■ **Problem description**: Do not repeat pictures. Repeat exactly the lines of the listing below from its first line through the line with "You can add".
Segment Start: Dataset content
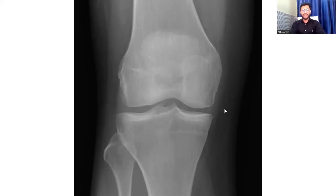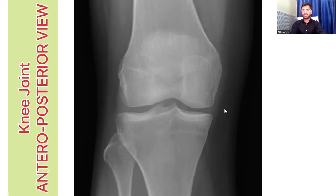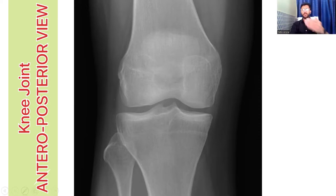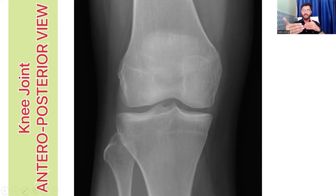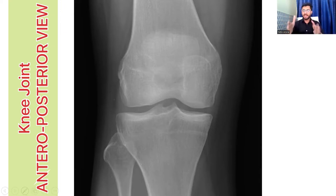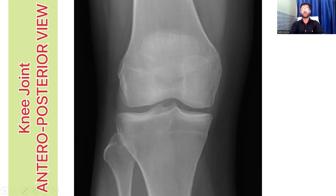The first x-ray we are going to talk about is this knee joint x-ray. It's an AP view of the knee joint — that is anteroposterior view. Whenever you get an x-ray, it will either be an AP view (anteroposterior), lateral view from the side, or skyline view from the top. There are multiple views, which we will be discussing in the next part of this video.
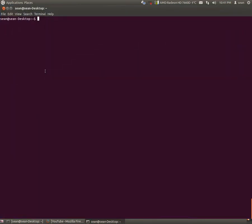So in your Ubuntu command line, all you really got to do is just FPing, TAC, lowercase g, 192.168, let's say 1.1. And let's say you want to scan right up to 1.15, so space, 192.168.1.15.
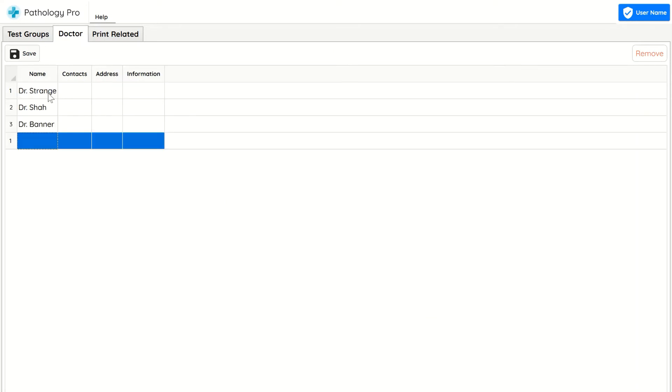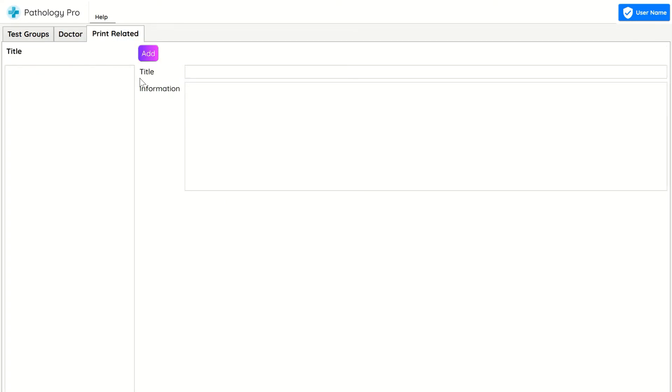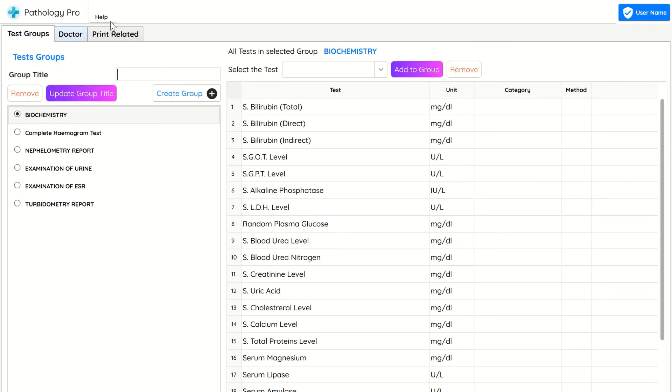You can add doctors' names and print related data of tests which you like to print under the report so it's fully customizable.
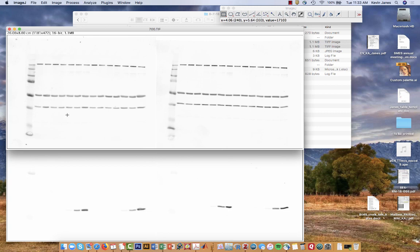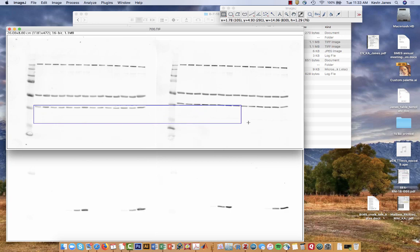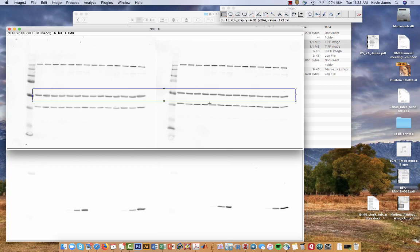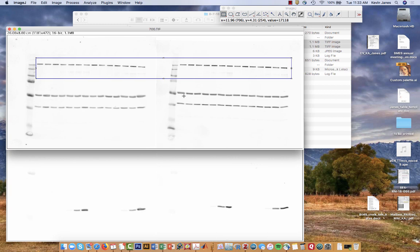What are these bands? For this particular experiment, this lower band is p38 MAP kinase that we're using as a loading control. This middle band is tubulin which we're also using as a loading control. And then these bands up here is the eukaryotic initiation factor EIF4G. We'll do that one last because that one's more complicated. We're going to start with the loading controls first.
Segment End: Dataset content
■ **Solution for this problem**:
The first x-ray we are going to talk about is this knee joint x-ray. It's an AP view of the knee joint — that is anteroposterior view. Whenever you get an x-ray, it will either be an AP view (anteroposterior), lateral view from the side, or skyline view from the top. There are multiple views, which we will be discussing in the next part of this video.
So in your Ubuntu command line, all you really got to do is just FPing, TAC, lowercase g, 192.168, let's say 1.1. And let's say you want to scan right up to 1.15, so space, 192.168.1.15.
You can add doctors' names and print related data of tests which you like to print under the report so it's fully customizable.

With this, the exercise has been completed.